U.S. Federal Reserve Governor Stephen Miran has resigned from his position as an economist advisor, upholding a Senate pledge to depart if he continued in his post at the central bank, the White House announced on Feb. 3.
"In accordance with the pledge he made to the Senate during his confirmation to the Federal Reserve's Board of Governors, Stephen Miran has submitted his resignation from the Council of Economic Advisers," White House spokesman Kush Desai said in a statement.
President Donald Trump had nominated Miran to the Fed's board to finish out the term of Adriana Kugler, an appointee of former president Joe Biden who stepped down last year.
He did not resign from his position as chairman of the White House Council of Economic Advisers (CEA) at the time, instead taking an unpaid leave of absence on the grounds that his Fed term was set to expire a few months later on Jan. 31.

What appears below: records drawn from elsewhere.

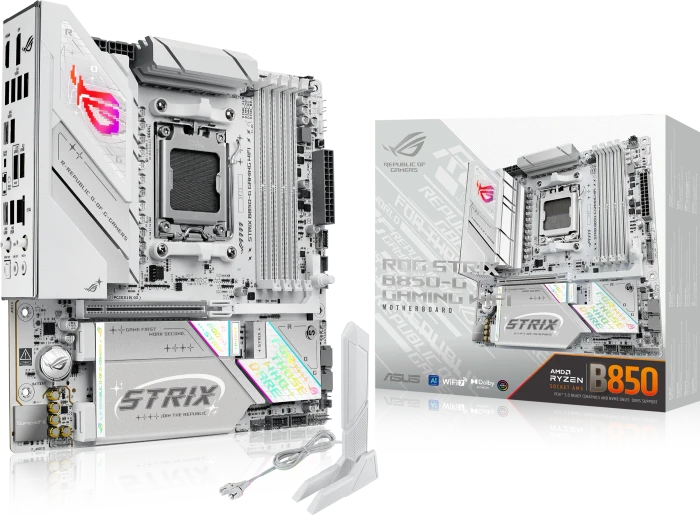 ASUS ROG Strix B850-G Gaming WIFI (AMD AM5)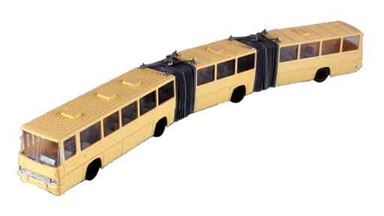 MODELLTEC 14130703 — Автобус IKARUS 293 (оранжевый), 1:87, 1988—1998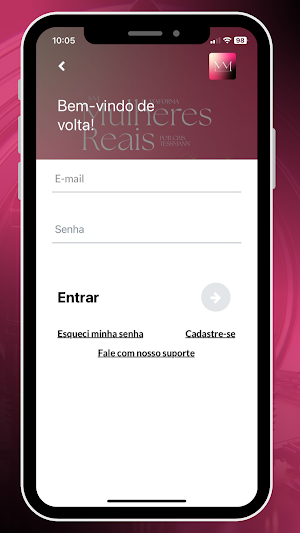 MulheresReais Screenshot 1
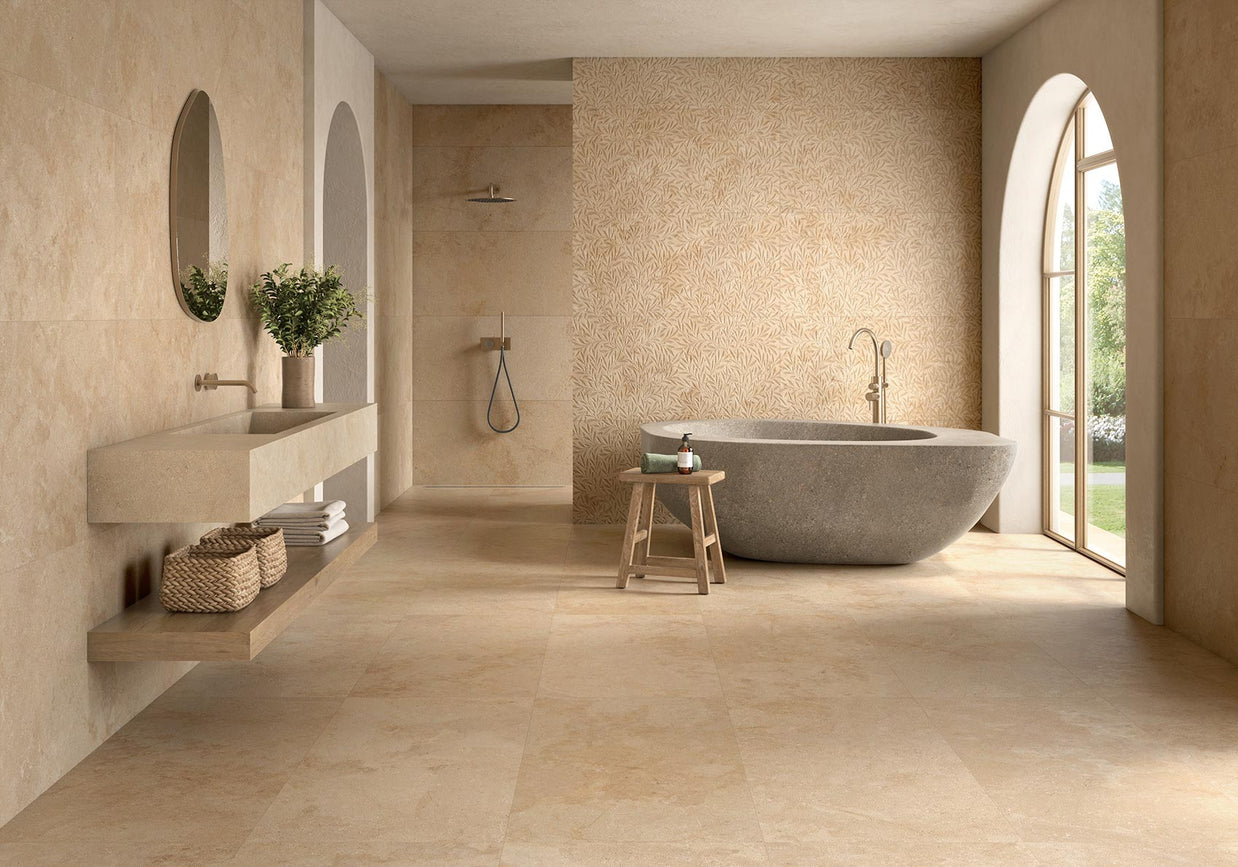 60x120 Salma Amber Matt (Mur/Sol)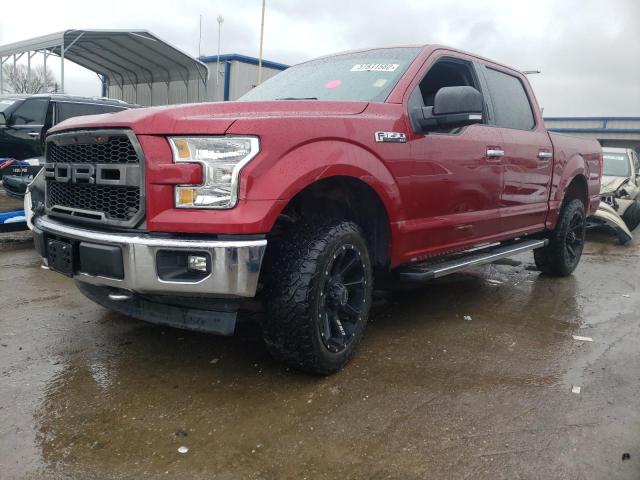 Zdjęcie 4 z aukcji – 2017 FORD F150 SUPER z VIN 1FTEW1EF0HFA29420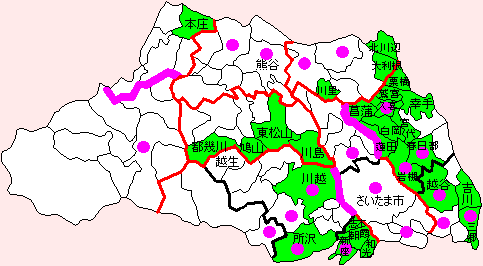 関東・甲信越の学区制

His role as CEA chair had sparked fears over the central bank's independence, with the Democrats criticizing the unusual arrangement.

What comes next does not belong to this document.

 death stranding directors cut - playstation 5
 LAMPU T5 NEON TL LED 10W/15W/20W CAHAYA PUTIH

His Fed term ended at the end of January, but he can stay on until the president nominates a successor.
Democratic senators wrote to Miran asking him to resign "immediately" from his position on the powerful Fed board.
"Your extended tenure at the Federal Reserve has only compounded what was an improper arrangement from the outset, and this dual employment must end," they wrote.
Miran had said the reason for the dual role was because he was filling a short-term vacancy.
Critics have accused Trump of seeking to tip the Fed's board in favor of lowering interest rates.
However, Miran vowed to uphold the central bank's independence and sought to reassure lawmakers at his confirmation hearing in September.
Trump plans to install Kevin Warsh in his place, whom he has nominated to become chairman of the Fed, replacing Jerome Powell.